Kaufman & Broad recherche un nouveau directeur général délégué

Le promoteur immobilier a mis fin aux fonctions de Philippe Jossé, moins de quatre mois après son arrivée, pour «divergences de vues»
Bruno de Roulhac

A la veille du long week-end de Pentecôte, le renvoi de Philippe Jossé, directeur général délégué de Kaufman & Broad est passé quasi-inaperçu. Il ne sera resté que le temps d’une période d’essai. Pourtant, lors de sa nomination en décembre 2012, il était présenté par certains comme le futur patron du groupe de promotion immobilière, appelé à prendre la suite du PDG Guy Nafilyan, âgé de 66 ans.

Toutefois, ce dernier vient de se faire reconduire pour un mandat de trois ans lors de l’assemblée générale du mois dernier. Ancien directeur Europe et directeur général Logement France de Bouygues Immobilier, Philippe Jossé avait pris ses fonctions le 1er février dernier, adoubé par Guy Nafilyan. Dans le communiqué laconique du 16 mai dernier, le conseil d’administration se borne à préciser qu’il met fin «immédiatement» aux fonctions de Philippe Jossé comme directeur général délégué, «à la suite de divergences de vues». Contacté par L’Agefi, la société s’est refusée à plus de commentaires.
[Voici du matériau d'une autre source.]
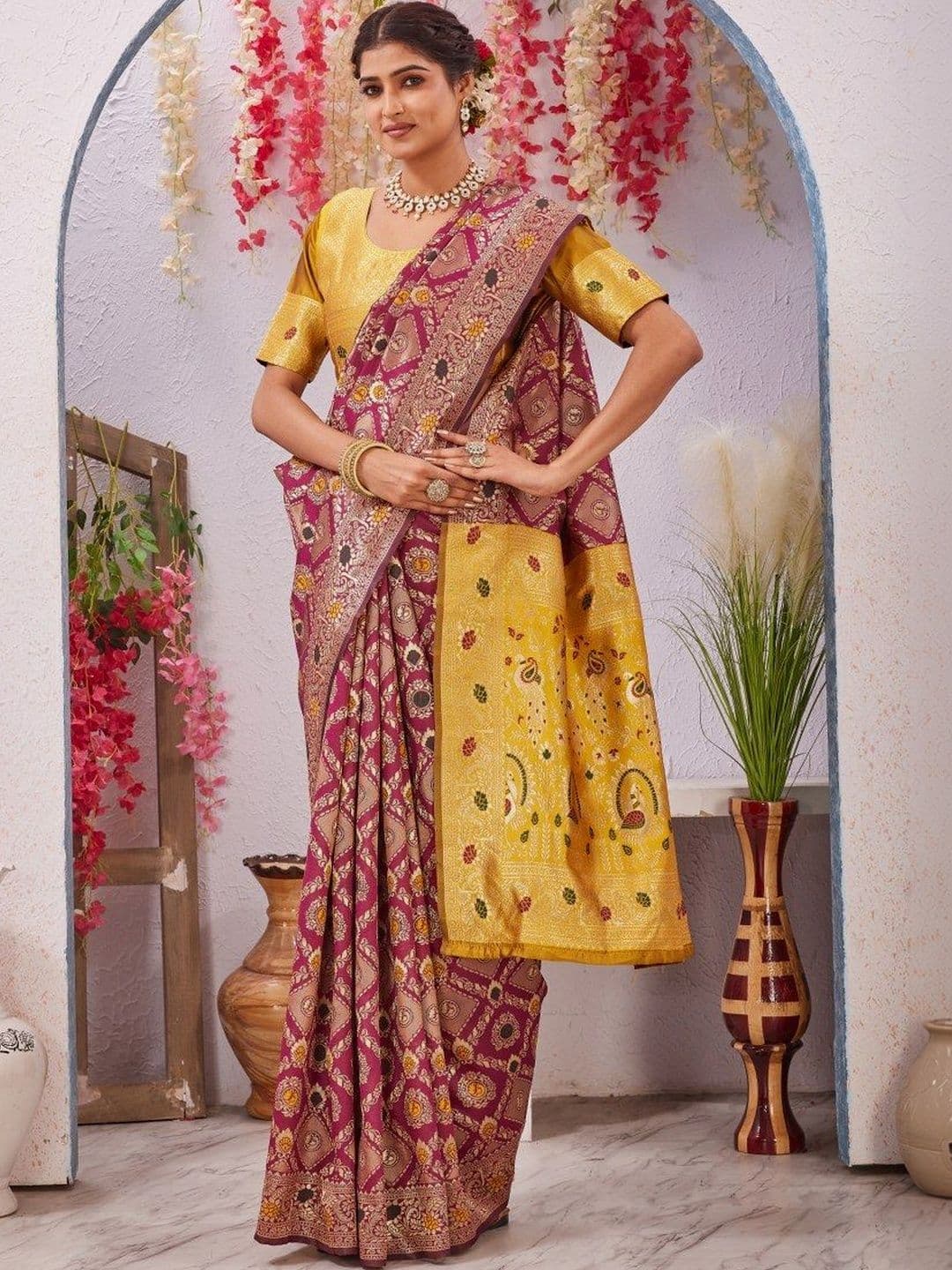 Mitera Ethnic Motifs Zari Silk Cotton Heavy Work Patola Saree thumbnail 7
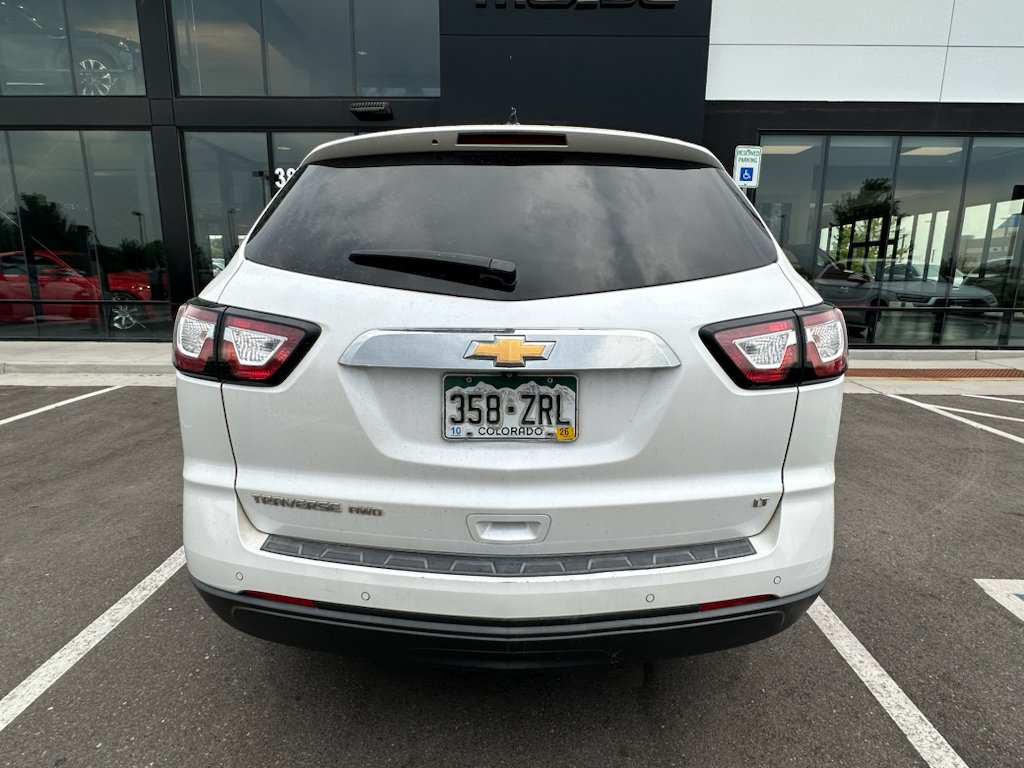 Used 2017 Iridescent Pearl Tricoat Chevrolet LT image 4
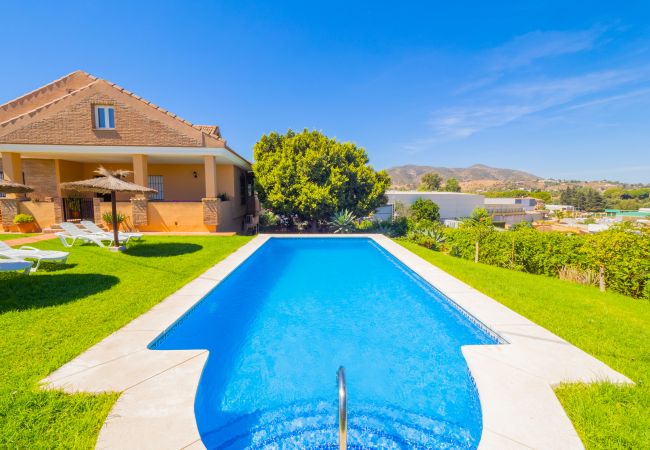 Villa em Alhaurin de la Torre - Cubo's Villa Plumaria de Alhaurin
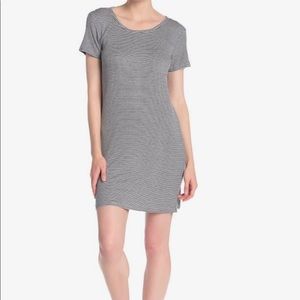 Splendid Pocket Shift Dress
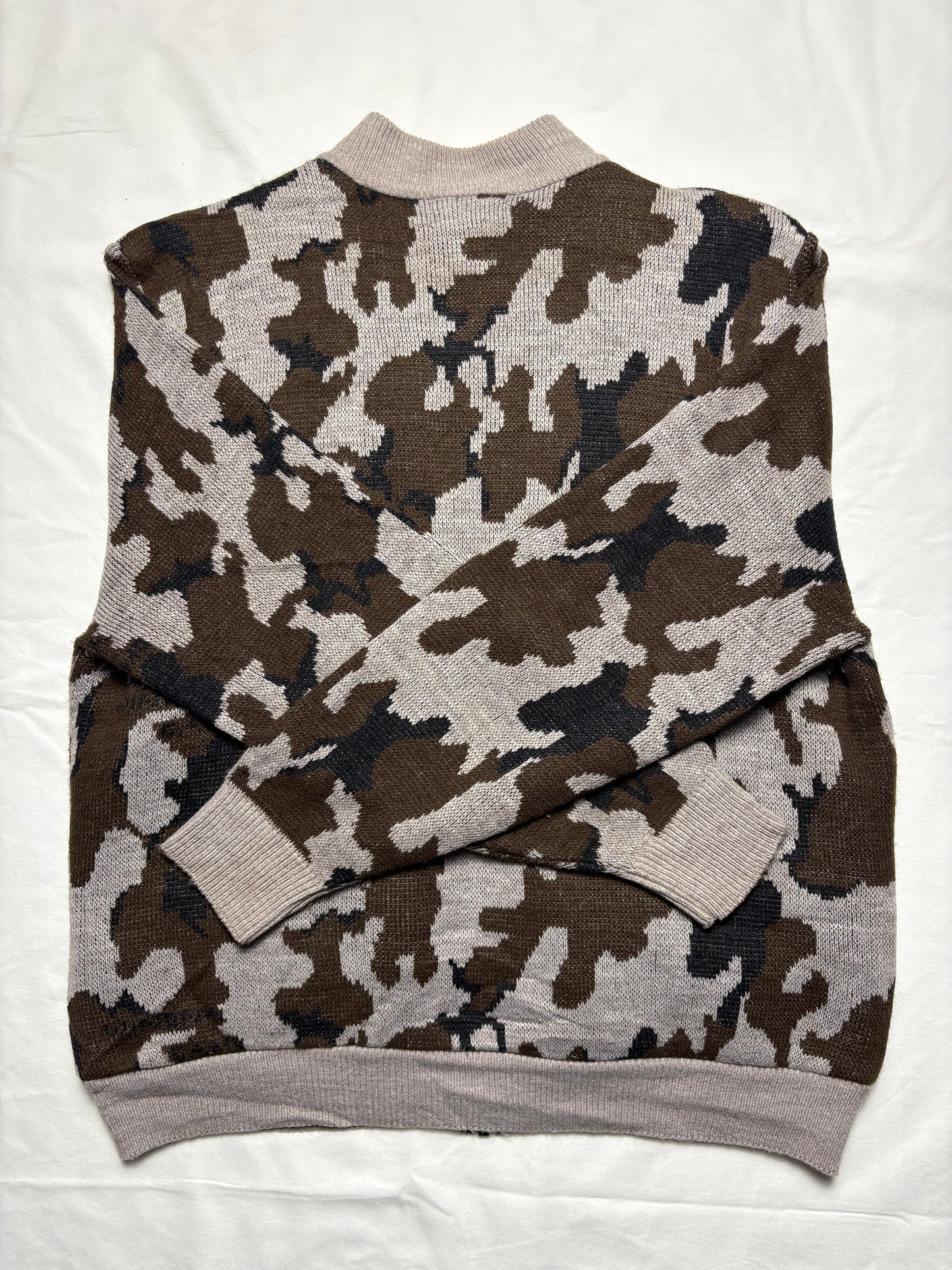 Cabela's 90s Snow Camo Wool Zip Up Jacket (XL)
Pour Gilbert Dupont, cette dissension stratégique «résulte d’un choc des cultures entre Bouygues et Kaufman & Broad. Le premier étant essentiellement positionné sur l’entrée de gamme sur l’ensemble du territoire français contrairement au second qui conserve une offre plutôt milieu de gamme dans les grandes agglomérations françaises». PAI, actionnaire de référence du groupe à hauteur de 88,7% du capital, souhaite trouver rapidement un successeur à Philippe Jossé, selon le bureau d’analyse.

En attendant, «nous ne pensons pas que cet événement remette en cause le processus de désengagement de PAI du capital dans la mesure où nous n’avons jamais adhéré à la thèse d’un rapprochement capitalistique entre Kaufman & Broad et Bouygues immobilier (deal potentiellement destructeur de valeur considérant les parts de marché respectives des deux acteurs), poursuit Gilbert Dupont. Nous pencherions plus vers une foncière voire un acteur du BTP ou un fonds».

Un départ précipité alors que l’assemblée générale du 25 avril dernier, a approuvé à la fois l’indemnité de départ, la clause de non-concurrence et la retraite complémentaire de Philippe Jossé. Ce dernier pourrait toucher une indemnité de départ de 350.000 euros (son brut annuel), tandis que l’indemnité de non-concurrence (sauf en cas de renonciation du groupe) sera limitée à 50% du fixe touché pendant ses quatre mois de présence.